* [Assigned task] The material below contains a line with "Flagship Hotel Postage Stamps" and a line with "m petit by misako". Copy exactly those two lines and all lines between them.

____

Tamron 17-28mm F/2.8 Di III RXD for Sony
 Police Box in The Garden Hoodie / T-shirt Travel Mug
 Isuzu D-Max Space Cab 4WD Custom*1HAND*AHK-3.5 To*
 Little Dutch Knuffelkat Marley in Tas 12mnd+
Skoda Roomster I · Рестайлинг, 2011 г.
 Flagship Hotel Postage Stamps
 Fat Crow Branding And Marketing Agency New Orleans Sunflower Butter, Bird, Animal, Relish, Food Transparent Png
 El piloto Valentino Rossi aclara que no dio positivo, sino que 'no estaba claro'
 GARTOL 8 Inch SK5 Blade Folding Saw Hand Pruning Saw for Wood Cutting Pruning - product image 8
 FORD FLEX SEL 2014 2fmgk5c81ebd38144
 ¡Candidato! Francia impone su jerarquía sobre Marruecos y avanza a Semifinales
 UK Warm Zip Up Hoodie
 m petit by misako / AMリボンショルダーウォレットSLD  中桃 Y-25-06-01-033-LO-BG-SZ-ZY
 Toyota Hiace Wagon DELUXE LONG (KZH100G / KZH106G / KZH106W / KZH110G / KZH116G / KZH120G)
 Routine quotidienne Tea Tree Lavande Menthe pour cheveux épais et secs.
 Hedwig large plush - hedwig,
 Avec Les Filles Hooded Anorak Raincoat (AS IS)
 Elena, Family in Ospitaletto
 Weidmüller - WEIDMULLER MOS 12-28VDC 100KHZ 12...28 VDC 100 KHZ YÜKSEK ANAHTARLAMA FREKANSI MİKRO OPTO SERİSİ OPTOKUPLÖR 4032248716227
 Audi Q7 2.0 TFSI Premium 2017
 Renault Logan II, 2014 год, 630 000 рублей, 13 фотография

____

* [Task response]
 Flagship Hotel Postage Stamps
 Fat Crow Branding And Marketing Agency New Orleans Sunflower Butter, Bird, Animal, Relish, Food Transparent Png
 El piloto Valentino Rossi aclara que no dio positivo, sino que 'no estaba claro'
 GARTOL 8 Inch SK5 Blade Folding Saw Hand Pruning Saw for Wood Cutting Pruning - product image 8
 FORD FLEX SEL 2014 2fmgk5c81ebd38144
 ¡Candidato! Francia impone su jerarquía sobre Marruecos y avanza a Semifinales
 UK Warm Zip Up Hoodie
 m petit by misako / AMリボンショルダーウォレットSLD  中桃 Y-25-06-01-033-LO-BG-SZ-ZY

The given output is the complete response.